MscL is a bacterial MS channel that has recently been reconstituted in mammalian cells.^26,48 Mechanical gating properties of MscL can be studied through the uptake of a small membrane impermeable stain, propidium iodide (PI), which fluoresces upon binding to DNA and RNA molecules as shown in Fig. 5a. Two MscL constructs were used in our experiments, wild-type MscL and a G22S mutant MscL that has a lower gating threshold.⁴⁹ Compared with other flow-based cytometers for cell deformation measurement, our μFPA device provides the advantage of trapping cells at fixed positions that allows simultaneous monitoring of cell deformations and fluorescent dye uptake over time. In our μFPA device, cells under aspiration are levitated from the top and bottom channel walls. This ensures an accurate measurement of cortical tension according to eqn (3). Using RPE cells expressing MscL, uptake of PI was observed in correlation with the magnitude of cell deformation under micropipette aspiration shown in Fig. 5b. The tension required to activate MscL-G22S-infected cells was estimated to be 4.5 mN m⁻¹. We were unable to determine the activation threshold of MscL-WT-infected cells with the span of pressure difference we studied. A portion of RPE cells escaped from the aspiration pipette at high magnitudes of pressure difference over 2500 Pa, roughly corresponding to a cortical tension of 9.0 mN m⁻¹. This value is lower than the threshold required to activate MscL-WT in mammalian cells, which is about 12.0 mN m⁻¹.⁵⁰ We can possibly improve the stability of cell trapping and increase the cortical tension exerted on cells for aspiration by the design of the micropipette channel with smaller cross section. Nonetheless, MscL G22S-expressing cells clearly had PI uptake at lower cortical tension (Fig. 5c). Our results here demonstrated the application of our novel μFPA device for single-cell mechanotransduction studies of MS channels.
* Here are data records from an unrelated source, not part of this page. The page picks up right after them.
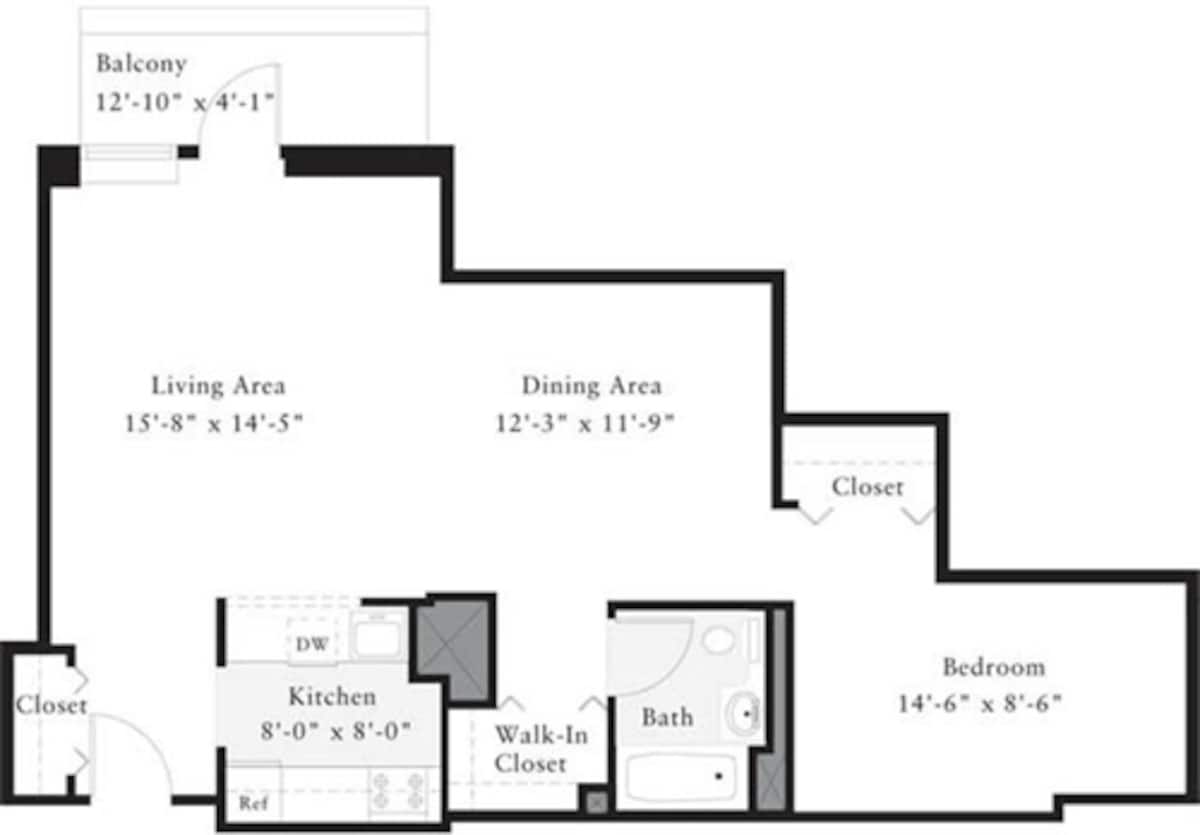 Floorplan diagram for Studio L, showing Studio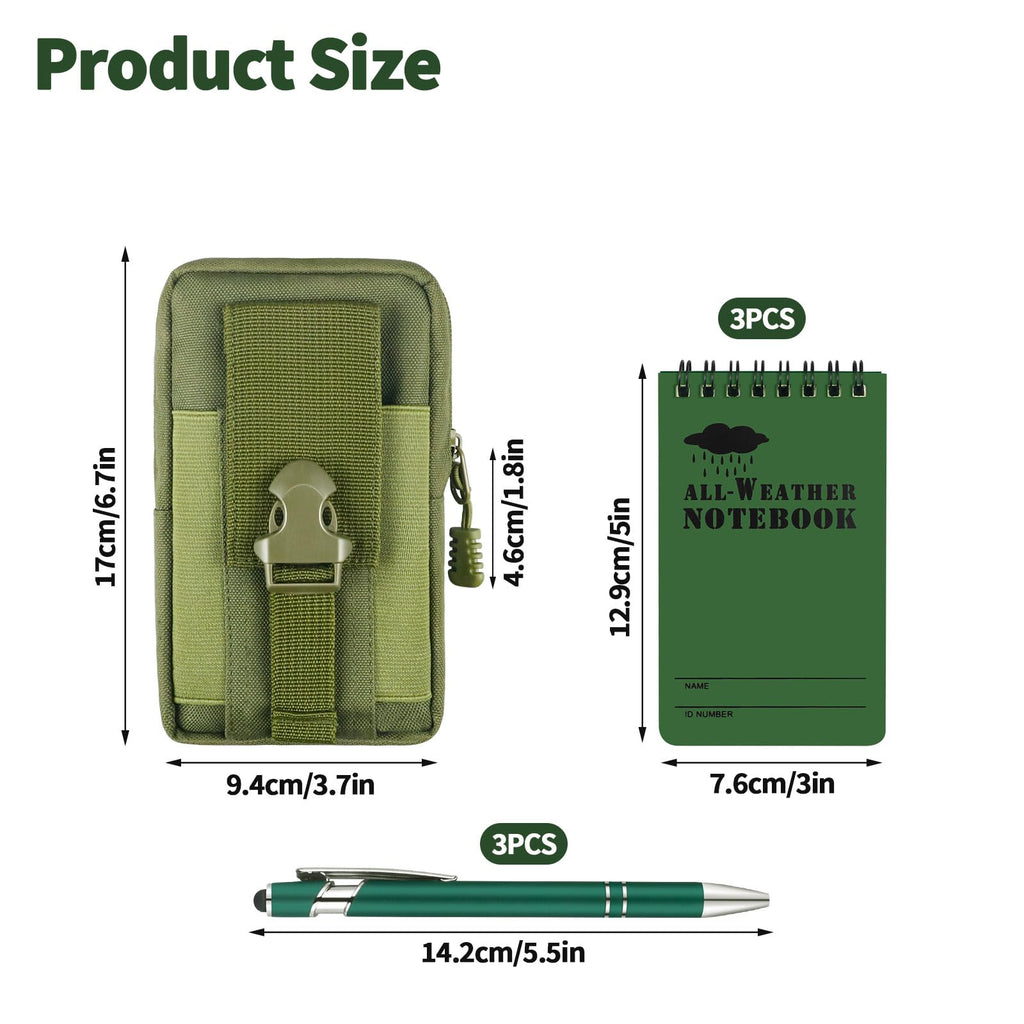 7 Piece Waterproof Notebook Set, 3 X 5 Inch Write in The Rain Notebook All Weather with Pen and Waterproof Multi Functional Waist Pack for Outdoor Activities Recording (Army Green)
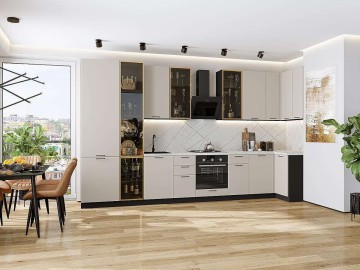 Кухонный гарнитур угловой Флэт-05, ЛДСП, 400×100 см, Кашемир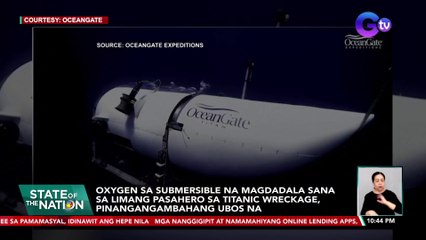 Oxygen sa submersible na magdadala sana sa 5 pasahero sa Titanic wreckage, pinangangambahang ubos na | SONA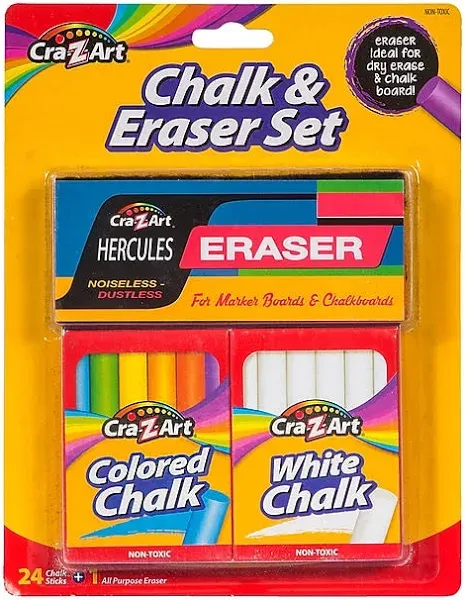 Cra-Z-Art Chalk &amp; Eraser Set 24 Chalk Sticks 12 Colored &amp; 12 White &amp; Eraser New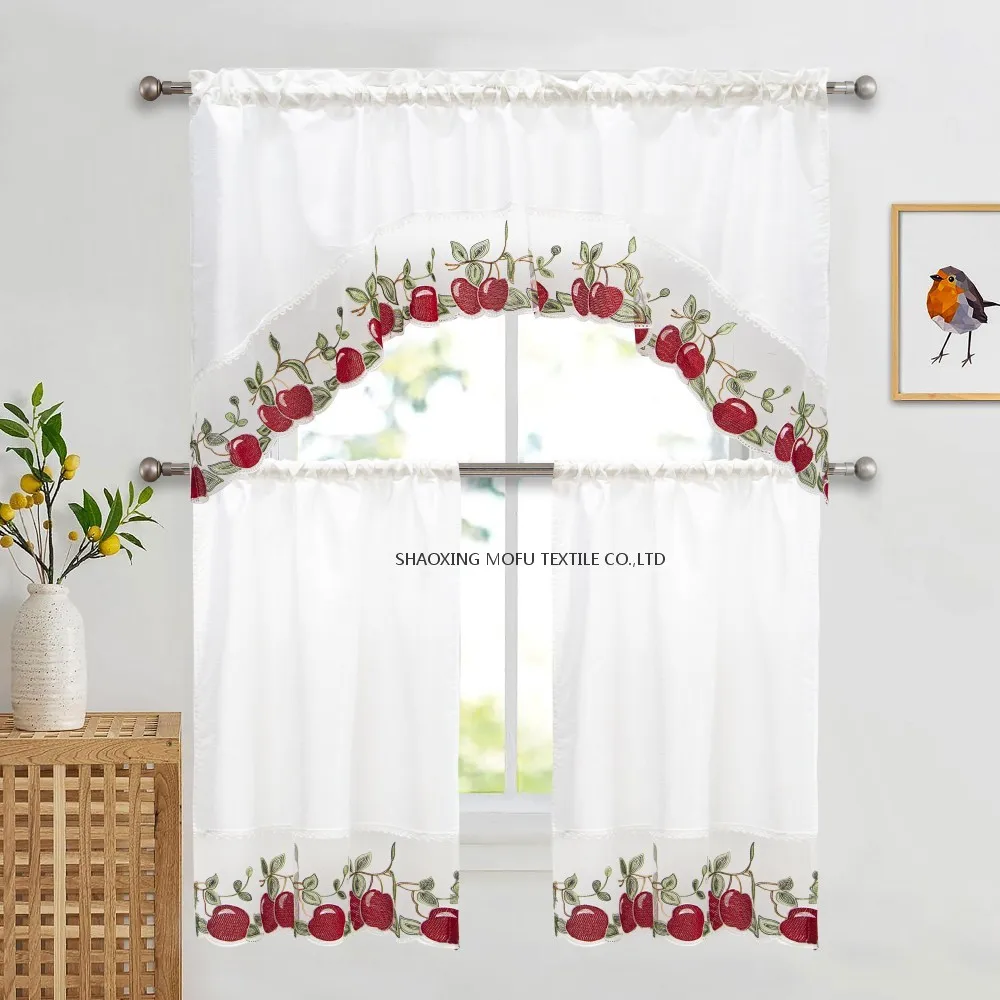 Hot Sale 3pcs Ready Made Kitchen Curtains Set Various Designs Stylish Small Window Curtain for Home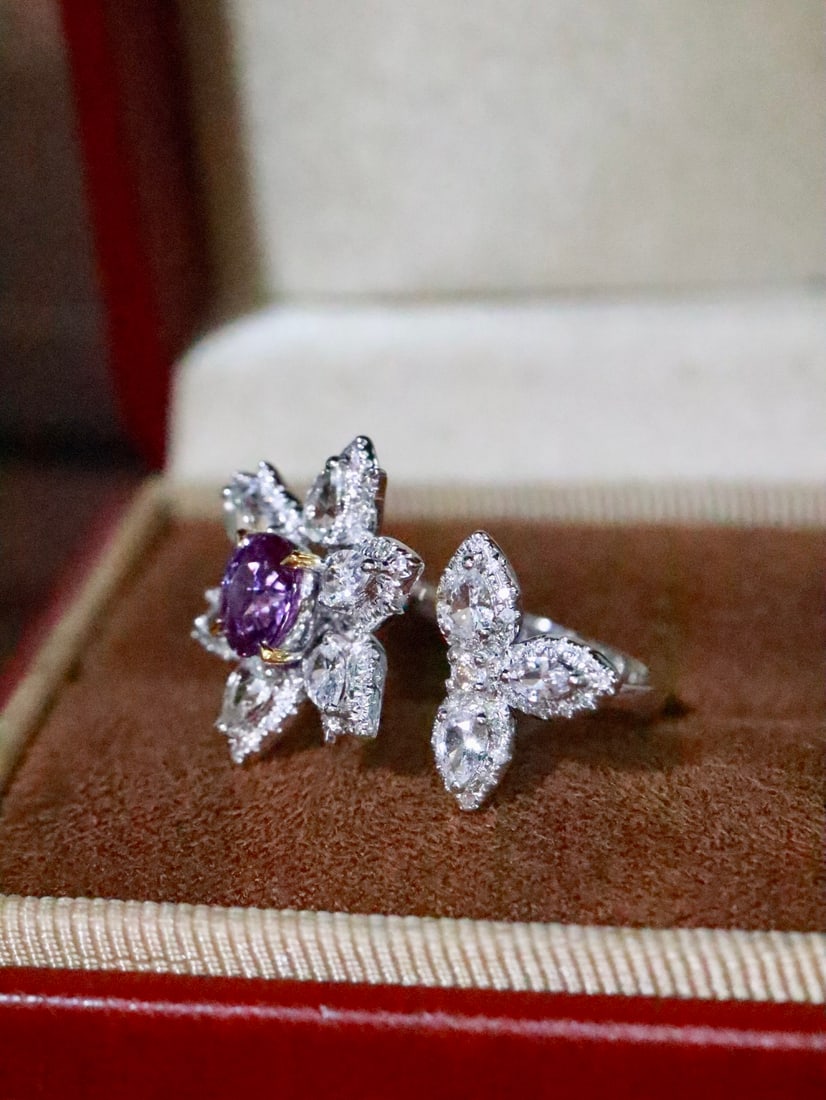 18K Gold Purple and Sapphire Ring - 2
Fig. 5 Mechanical gating of MscL-expressing RPE cells. (a) Illustration of MscL gating by exertion of tension by pipette aspiration, (b) demonstration of propidium iodide (PI) influx into the MscL-G22S-expressing RPE cells with increasing applied aspiration pressure in correlation with cell deformation, (c) plot of normalized fluorescence of PI in RPE cells versus pressure difference. No virus: n = 9 and MscL G22S: n = 8. Error bars represent the standard error of the mean. The error bars for the case of no virus is too small to be seen in the plots.

Conclusion

Compared with other advanced measurement techniques in cell mechanics studies, such as atomic force microscopy or optical tweezer systems, which involve sophisticated electronic, optical and mechanical components to operate, the micropipette aspiration system provides a simple and direct approach to measure mechanical properties of single cells. Despite its simplicity, micropipette aspiration is still a widely adopted method in many recent advanced cell mechanics studies on bleb growth,⁴⁷ cytoskeletal cortex dynamics,⁵¹ and mechanosensing.⁵² Traditional micropipette aspiration systems are limited by its measurement accuracy and throughput. In this work, we have developed a microfluidic device, namely μFPA, which takes advantage of the laminar and stable nature of microfluidic flow, to conduct pipette aspiration in a parallel manner. Using only a syringe pump, the device is able to autonomously trap cells in designated aspiration chambers and make quantitative measurement of mechanical properties of single cells by observation of their deformation under an optical microscope. With the aid of theoretical modeling and numerical simulations, we have designed the μFPA device such that the aspiration pressure exerted on trapped cells is directly proportional to the flow rate set by the syringe pump. This aspiration pressure is exerted along the axis of the pipette and cells under aspiration are free from shear stress. We currently operate the device in a single-use manner. This is mainly due to the possibility of clogging at the filtering unit near the microfluidic channel inlet due to successive cell loading and unloading.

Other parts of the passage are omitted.